Presumptive Republican nominee Donald Trump introduced Indiana Gov. Mike Pence as his running mate in a press conference Saturday that oddly failed to keep focus on the newly named vice presidential candidate. Touching on everything from terror attacks to his Brexit predictions to presumptive Democratic nominee Hillary Clinton before finally turning the podium over to Pence, Trump seemed to keep to his characteristic off-the-cuff speaking style. At one point in his nearly 30-minute speech, the GOP's presumptive nominee launched into a tangent regarding his plan to repeal the "Johnson Amendment," signaling his campaign's turn toward religiously conservative voters. So, what is the Johnson Amendment, and why is the GOP looking to take it off the books?

In naming Pence, a thoroughly right-wing politician, as his running mate, Trump appears that he is trying to appeal to evangelical and socially conservative voters. His push to repeal the Johnson Amendment seems to be a similarly motivated move.

"I said for the evangelicals that we're going to do something that nobody has even tried to do," Trump said Saturday in a sometimes rambling portion of his speech. "We're going to get rid of that horrible Johnson Amendment and we're going to let evangelicals, we're going to let Christians and Jews and people of religion talk without being afraid to talk." Trump said he was "so proud" to have made the repeal of the Johnson Amendment a part of the Republican Party's official 2016 platform. "Religion's voice has been taken away and we're going to change that," he said before returning to his introduction of Pence.

The "Johnson Amendment," as Trump called it, is a 1954 tax code law that prohibits tax-exempt organizations like churches from directly or indirectly endorsing political candidates. "Section 501(c)(3) organizations are absolutely prohibited from directly or indirectly participating in, or intervening in, any political campaign on behalf of (or in opposition to) any candidate for elective public office," the IRS says in defining the law on its official website. "Contributions to political campaign funds or public statements of position (verbal or written) made on behalf of the organization in favor of or in opposition to any candidate for public office clearly violate the prohibition against political campaign activity." According to the IRS, organizations that violate the rule could find their tax-exempt status revoked.

Trump may indeed find his proposal to repeal the "Johnson Amendment" well received among conservative voters.
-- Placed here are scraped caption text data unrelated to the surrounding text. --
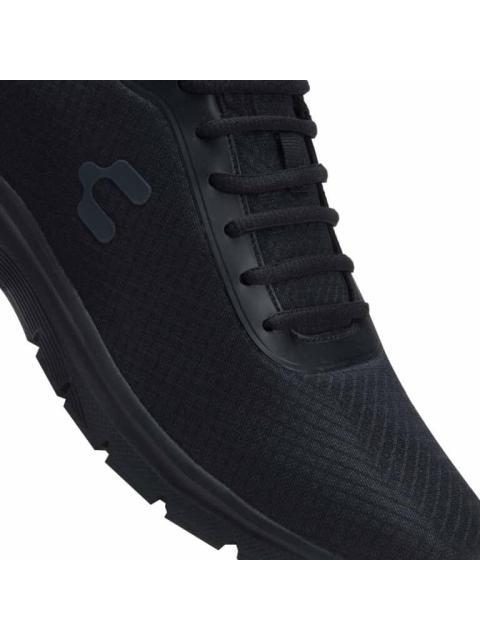 TENIS DEPORTIVO CORRER NEGRO CHARLY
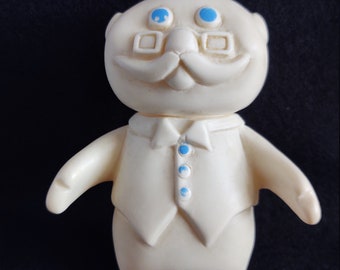 Vintage Pillsbury Dough Boy Grandma and Grandpa 1974 - Etsy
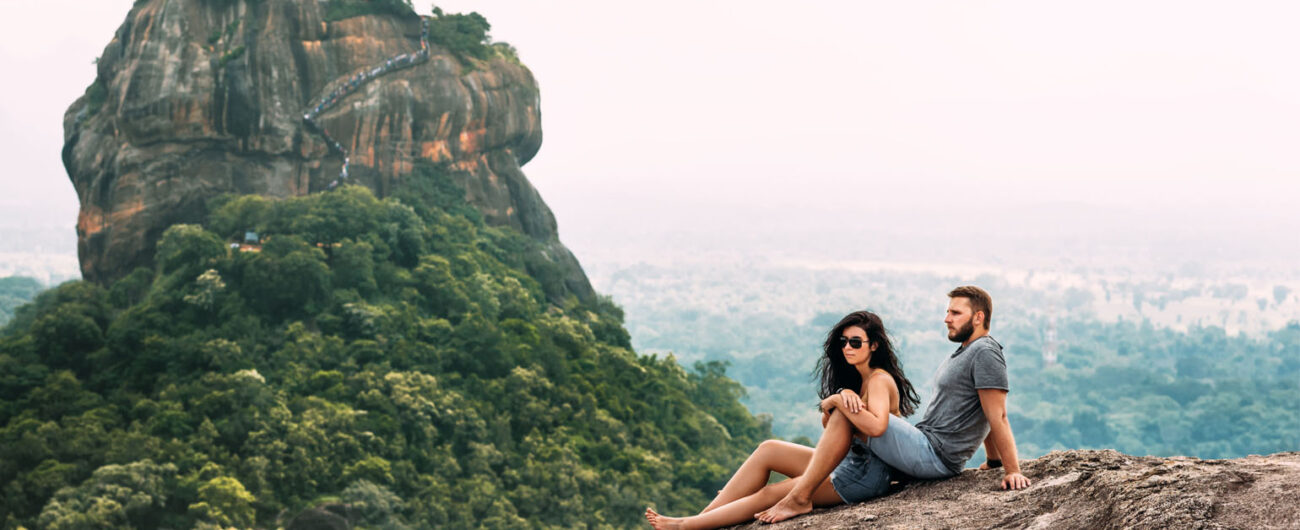11Best Places to Visit in Sri Lanka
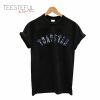 Trapstar London Black T-Shirt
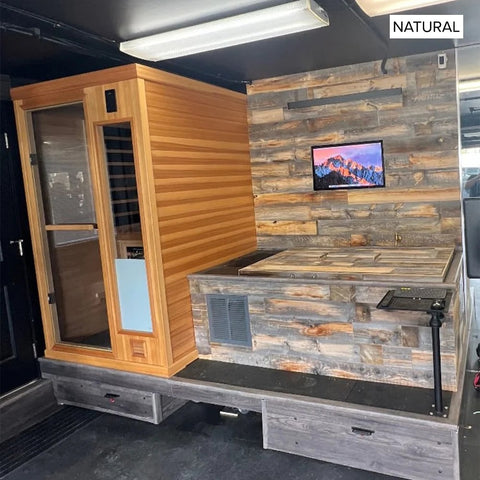 Woodplank Completed Project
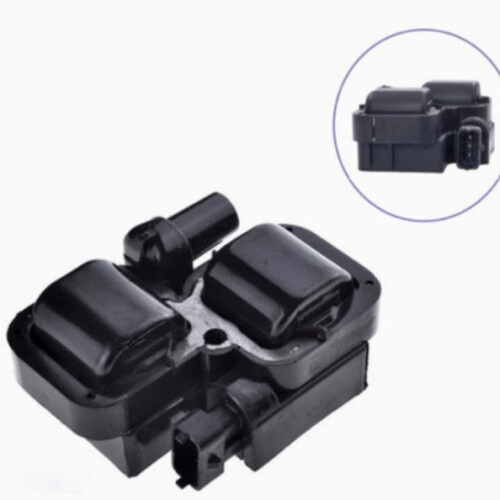 Ignition Coil A0001587803 0221503035 1789358 Compatible Replacement Coil Set 2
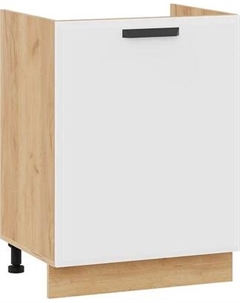 Шкаф под мойку ТриЯ Тиана 1Н6М с одной дверью Трия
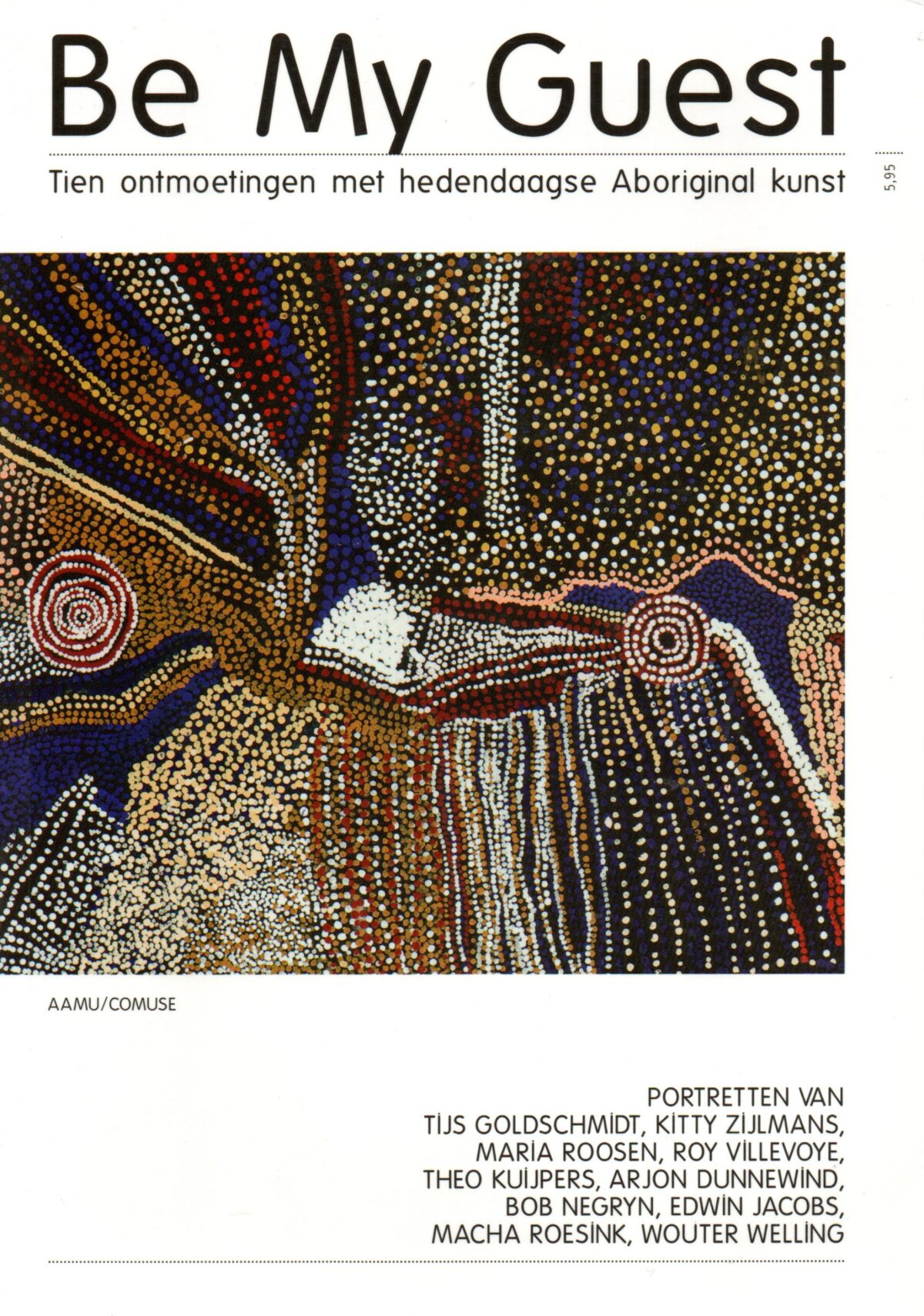 Scan_20231111-3-scaled Be my Guest! Tien ontmoetingen met hedendaagse Aboriginal kunst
Although the Republican platform makes it significantly more likely for GOPers to feel churches should have the right to express political opinions, a 2014 Pew Research report found "a growing minority of Americans — 32 percent — think churches should endorse candidates for political office."

Saturday wasn't the first time Trump has proposed repealing the Johnson Amendment; he's brought it up a few times on the campaign trail. While speaking before religious conservatives in June in New York, Trump described religious leaders as "petrified" to speak freely and likened the issue to a matter of religious liberty. He declared his proposal to repeal the tax code his "greatest contribution to Christianity and other religions."